By Maugan Buat Mosaid, Ph.D.

In a recent article I wrote which was roughly titled “A New Perspective on the Mindanao Problem Based on Some Historical and Current Realities”, I tried to surmise some lessons and current insights based on the experience with the peace process as it has been. They may be worth mentioning here:

Lessons

1. there is no one-shot formula to peace but any peaceful means is worth trying;
2. any attempt to build peace will not succeed unless we build a critical mass of supportive peace constituency;
3. people outside of the direct parties in the conflict should be given the chance to participate because the concern for peace is not confined to the direct parties just as the effect of conflict is;
4. peace is not merely the absence of armed confrontation but it is social justice in all its form; and
5. the ultimate goal of any peace effort is ‘personal cleansing’, that is, freeing one’s mind and heart from homegrown hatred, polarity, and giving dignity to every human being.

Current Insights

One of the strategic approaches to the Mindanao problem is the need to balance national sovereignty and Bangsamoro aspirations for self-determination. As always, the balancing act is not easy because it boils down to the issue of whether or not the Constitution shall be considered as one of the frameworks of the negotiation. A more creative approach is needed to achieve a perfect balance between the Constitution being a fundamental law and self-determination being an inherent right recognized by international law. As to how, only the direct parties are in the best position to determine in a negotiation. Then, consultation with the broad base of the population can take place after a draft is finalized not while it is being negotiated as most people would assert.

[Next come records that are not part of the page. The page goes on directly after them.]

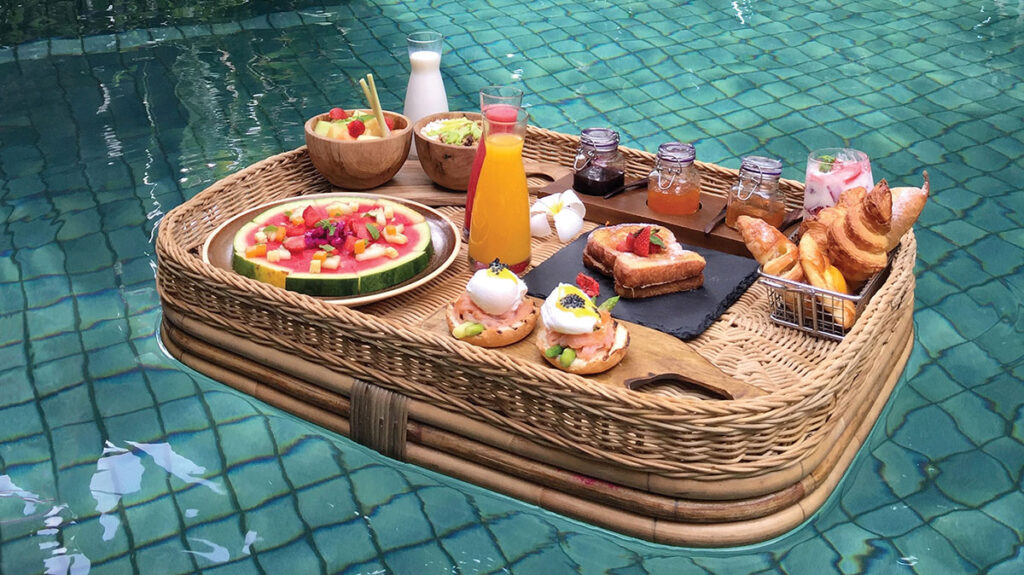 A photo of a full breakfast tray, including orange juice, toast, and other appetizers, floating in a pool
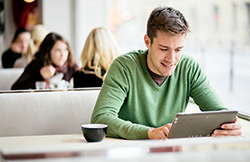 Man uses tablet to check investments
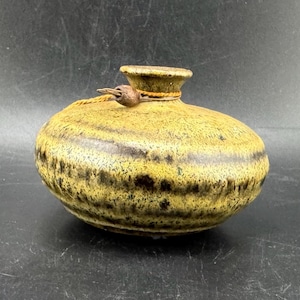 Op de afbeelding: Een handgemaakte, ronde keramische vaas met een smalle hals en een getextureerd, gespikkeld oppervlak. De vaas is voornamelijk geel met donkerbruine horizontale banden en accenten. Een touw en metalen sluiting bevestigen het deksel.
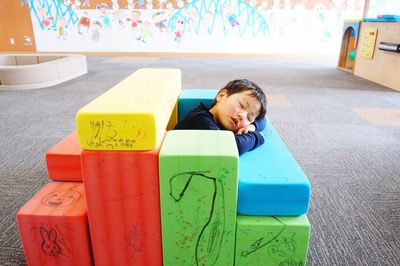 Cute boy sleeping in play school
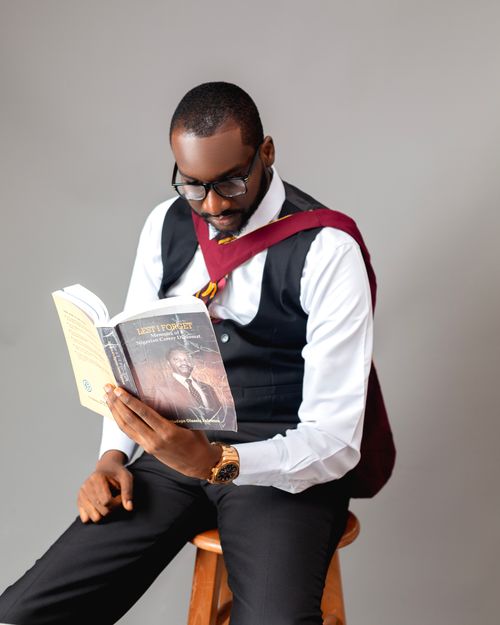 Free Man in formal attire reading a book while sitting on a stool in a studio setting. Stock Photo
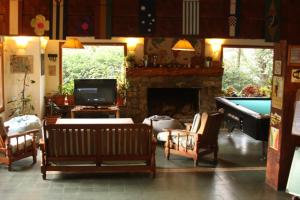 a living room with a fireplace and a pool table at Hostel La Angostura in Villa La Angostura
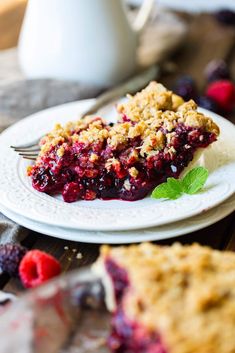 a piece of pie on a white plate with raspberry sauce and fresh berries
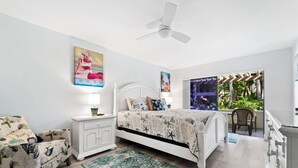 A bedroom with a bed, nightstands, a chair, a ceiling fan, and a window with a view of greenery. - Siesta Dunes 6-102, Peaceful Garden View Unit, 2br/2ba, 1st Floor Condo (Sarasota)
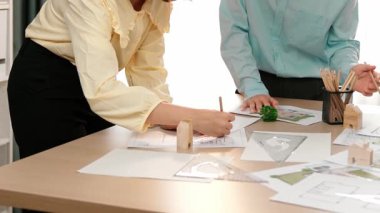 Mimarın bir videosu, şablonu ölçmek için ölçüm aletleri ve kalem kullanır. Mimar tasarım evi inşaatı stüdyoda bir masanın üzerinde, mimari plan etrafa saçılmış. Odaklan. Tanımlama.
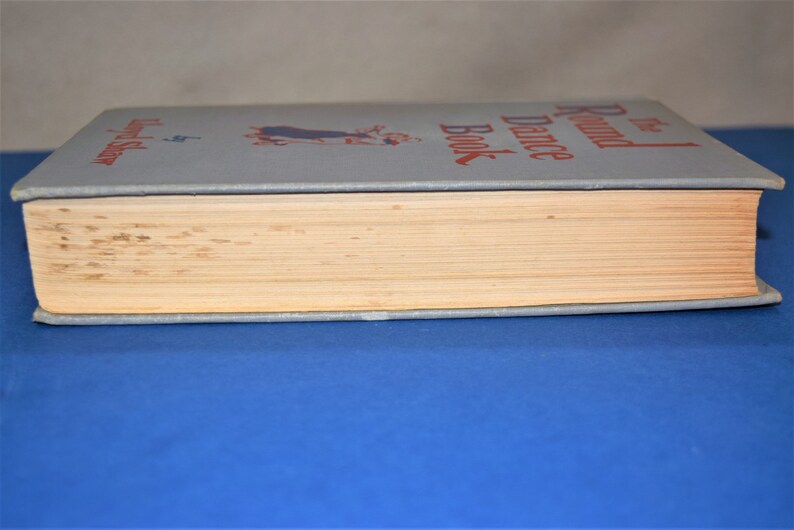 May include: The Round Dance Book by  Eleanor  Selfridge. The book has a blue cover with a red title and a black and white illustration of a couple dancing.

It is always possible to explore extra-constitutional means of settling the issue, according to Prof. Randy David, and try to craft out solutions “outside the box”. But how do we look at ‘agreements’ reached out of the bounds of what is allowable under the Constitution? Is it not simply unconstitutional? Or, an out-of-constitution settlement can be allowed for as long as they are generally in the best interest of both parties? It would seem that the bottom-line here is coming out with a clear definition and understanding of the nature of the ‘agreement’ that may be crafted between the GRP and the MILF. If it is a local agreement, ipso facto it is subordinate to the Constitution. If it assumes the nature and character of an international agreement then it can stand outside the sphere of the Philippine Constitution.

There is a need to revolutionize our understanding of the term ‘sovereignty’ as it applies to territorial integrity of a given state and as it is used to connote power and authority. In this sense, Mastura emphasized the traditional Moro statehood ‘earned sovereignty’ is already encapsulated by the Republic in its present form and structure as an autonomous entity presently in existence before the family of nations. Those who speak for the Philippines configure their constituencies into a political community which has beclouded a number of contested constitutional issues in the GRP-MILF negotiation.

The MOA on Ancestral Domain, though unsigned, should be seen as a faithful and earnest attempt to provide a leeway to provide balance between the zealously guarded issues of constitutionalism and sovereignty vis-a-vis self-determination and freedom. The MOA-AD may no longer become operational but it is to be appreciated as a document that embodies hard-earned consensus that somehow manifested that it is possible for some Filipinos and Moros to come to terms even under the most difficult circumstances.

Given a rejected MOA on Ancestral Domain, and maybe eventually a failed negotiation, “the only option available for the Bangsamoro, in lieu of armed struggle, is to revert to the original goal of independence and mount a campaign for decolonization under the auspices of the United Nations and the International Court of Justice” (Atty. Buat). This is, logically, the next best thing. In most bilateral negotiations powerful mediators are necessary requisites to peaceful settlements in almost all sovereignty-based conflicts. From my view, the GRP’s respect for Malaysia as mediator and facilitator in the peace talks is diminished. At the very least, it has doubted Malaysia’s resolve to stay neutral in the negotiation – a suspicion which could have possibly sprung out from the fact that Malaysia is a country being led by Muslims and one of the parties in the talks is Bangsamoro Muslim. While there were open statements on this one, no evidence, however, was cited.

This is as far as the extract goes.